- What this task involves
The copy must match the data below line for line and contain no images.

- Collected material
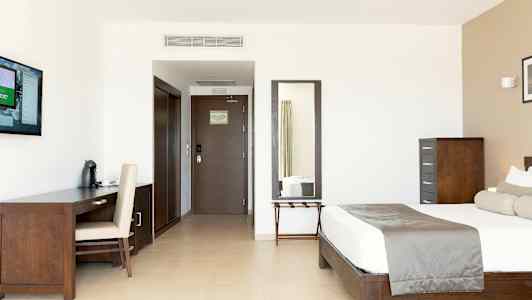 Ett modernt hotellrum med säng, skrivbord, TV och spegel. (AI-genererad text)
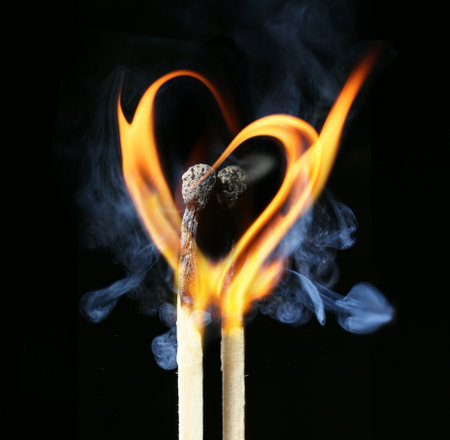 Two burning matches with flame in shape of heart on dark backgroundの写真素材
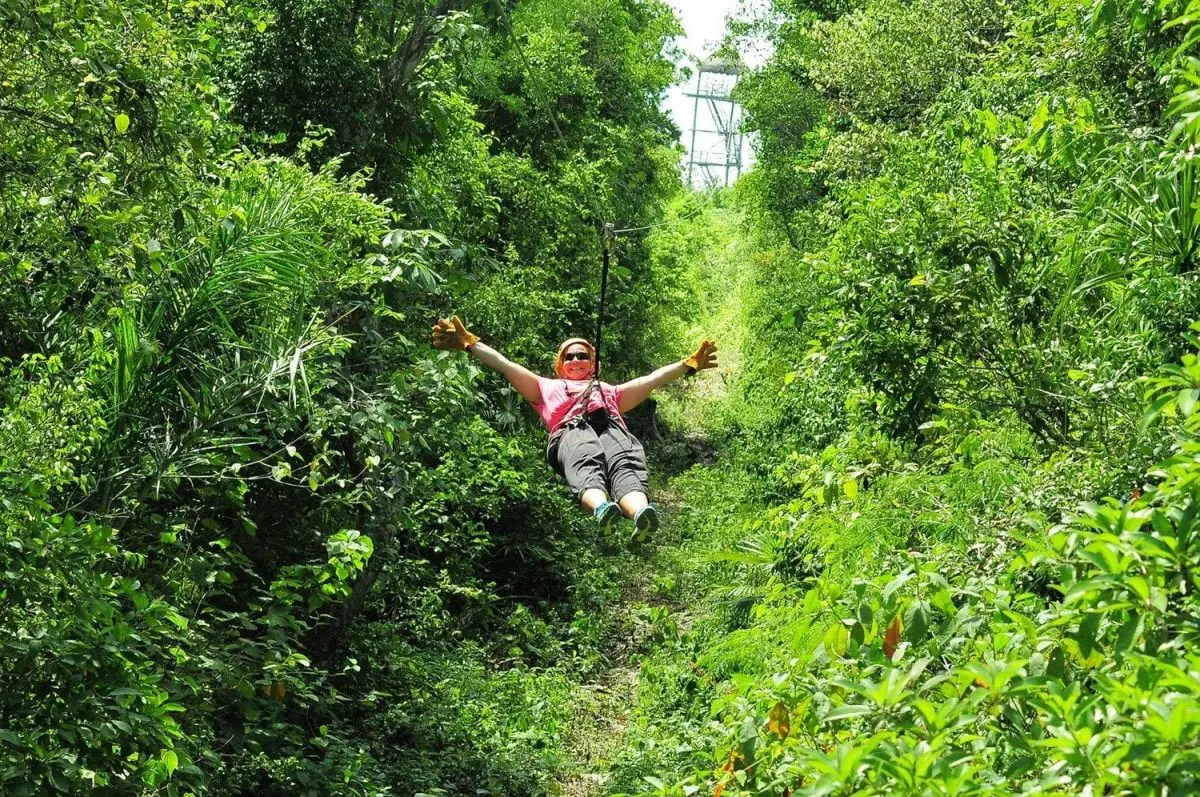 Person zip-lining tulum xtreme zipline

- Your response
 Ett modernt hotellrum med säng, skrivbord, TV och spegel. (AI-genererad text)
 Two burning matches with flame in shape of heart on dark backgroundの写真素材
 Person zip-lining tulum xtreme zipline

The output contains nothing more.